We do not enforce a specific audiovisual classification model or training procedure. This is a fast moving research area with new ideas and datasets coming quickly. We expect researchers to be clear and forthright in describing all data (inlcuding "pretaining data" and "pretrained backbones") they used for training their models and the steps taken to produce their final audiovisual classification network. Researchers may find it useful to pretrain their models using the accompanying audio (audio_ml.csv) and image datasets (images_nabirds.csv, images_inat.csv). If this is done, we expect the train/test splits for those datasets to be respected, i.e we discourage using the test splits for training.

Best Results

We breifly describe the steps taken in our EECV 2022 paper to achieve the best results on SSW60. Please see the accompanying paper for details and specifics.
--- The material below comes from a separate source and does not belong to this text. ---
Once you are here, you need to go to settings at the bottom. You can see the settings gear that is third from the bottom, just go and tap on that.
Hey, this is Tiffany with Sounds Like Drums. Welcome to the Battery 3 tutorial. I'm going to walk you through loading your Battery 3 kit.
We train two ImageNet pretrained ViT-B models, one to process audio, and one to process images. We then combine these models through score fusion. The steps taken:

  1. Pretrain the image classifier using the images_inat dataset.
  2. Pretrain the audio classifier using the audio_ml dataset.
  3. Fine-tune the audio classifier on the training videos.
  4. Use score fusion to combine the predictions of the audio and video classifiers on the video test set.
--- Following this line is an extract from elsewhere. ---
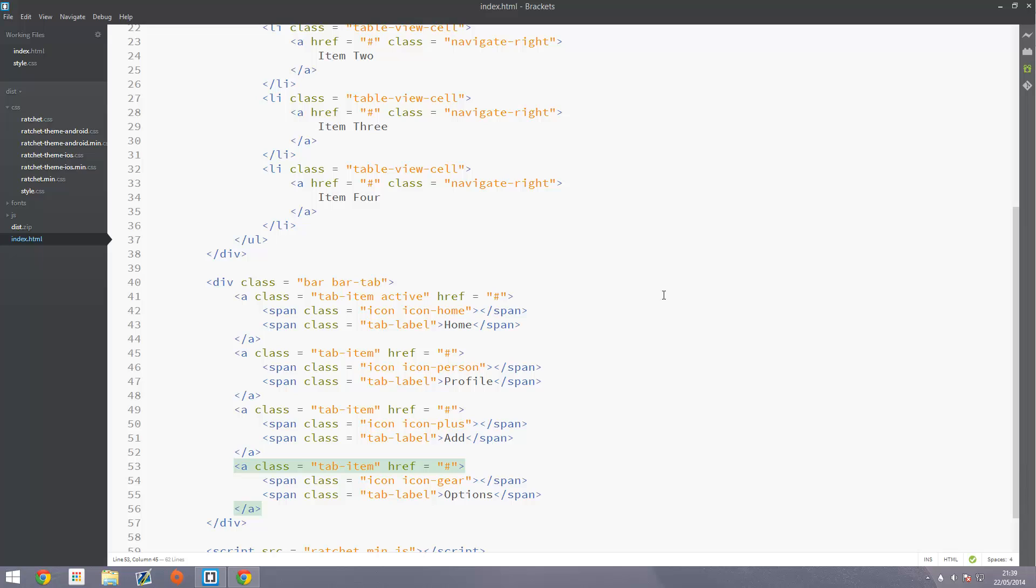So welcome to the fifth video in the Ratchet and PhoneGap series. In this video we're going to be looking at table views like in the previous tutorial except for now they can take images.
This method achieves 80.6% top-1 accuracy on the SSW60 video test set. Note that this process did not fine-tune the image classifier on the video frames of the SSW60 video train set.

Limitations

We attempt to document some limitations of the SSW60 dataset. Our goal here is to be upfront with fellow researchers, and to provide targets for future versions of this dataset (or others) to improve upon.

Small Size

The SSW60 dataset is relatively small, and therefore may not be appropriate for training a model "from scratch." Using a pretrained model (perhaps pretrained on ImageNet for visual information or AudioSet for audio information) is an easy way to mitigate this limitation.

Visual Bias

The original intent of this dataset was to study fine-grained classification using audiovisual data ("How can we improve bird species classification if we have video + audio? What are the relative merits of each modality? For which species is a particular modality more useful for classification?" etc.). In a perfect world, each video would have relevant visual and acoustic information that can be analyzed by a model. However, the fact that we are using videos contributed by humans (i.e. someone decided to record a bird with a video camera as opposed to only a microphone) means that there is an inherent bias towards visual information in the SSW60 dataset. To put it plainly: while all videos have frames containing visuals of the bird species under question, not all videos have an audio channel, and even if they do, the audio may not be relevant for classification. We attempt to identify those videos with relevant acoustic information and use the column reliable_audio in the video_ml.csv file to track this. However, this column was machine generated and might not accuractely reflect the utility of the audio channel for each video. For our best results, we train and evaluate using the audio channel for all videos regardless of the value of reliable_audio.

Geographically Variable Media

While all SSW60 species occur in Sapsucker Woods, not all media in SSW60 was recorded from Sapsucker Woods. This means that some training or testing media maybe more geographically diverse than is found in Sapsucker Woods. For example, some plumages might not be relevant to a bird's appearance in Sapsucker Woods, or some environments in the background of a piece of media might not resemble the woods (visually or aurally) of upstate New York.

Paper Citation

If you use the SSW60 dataset in your research, please cite:

@inproceedings{ssw602022eccv,
    author    = {Van Horn, Grant and Qian, Rui and Wilber, Kimberly and Adam, Hartwig and Mac Aodha, Oisin and Belongie, Serge},
    title     = {Exploring Fine-grained Audiovisual Categorization with the SSW60 Dataset},
    booktitle = {European Conference on Computer Vision (ECCV)},
    year      = {2022}
}

The first two authors contributed equally to this work.

Additional Bird Video Datasets

We are certainly not the first to build a video dataset focused on bird species. Please see the paper, particularly the supplementary material, for more details and comparisions.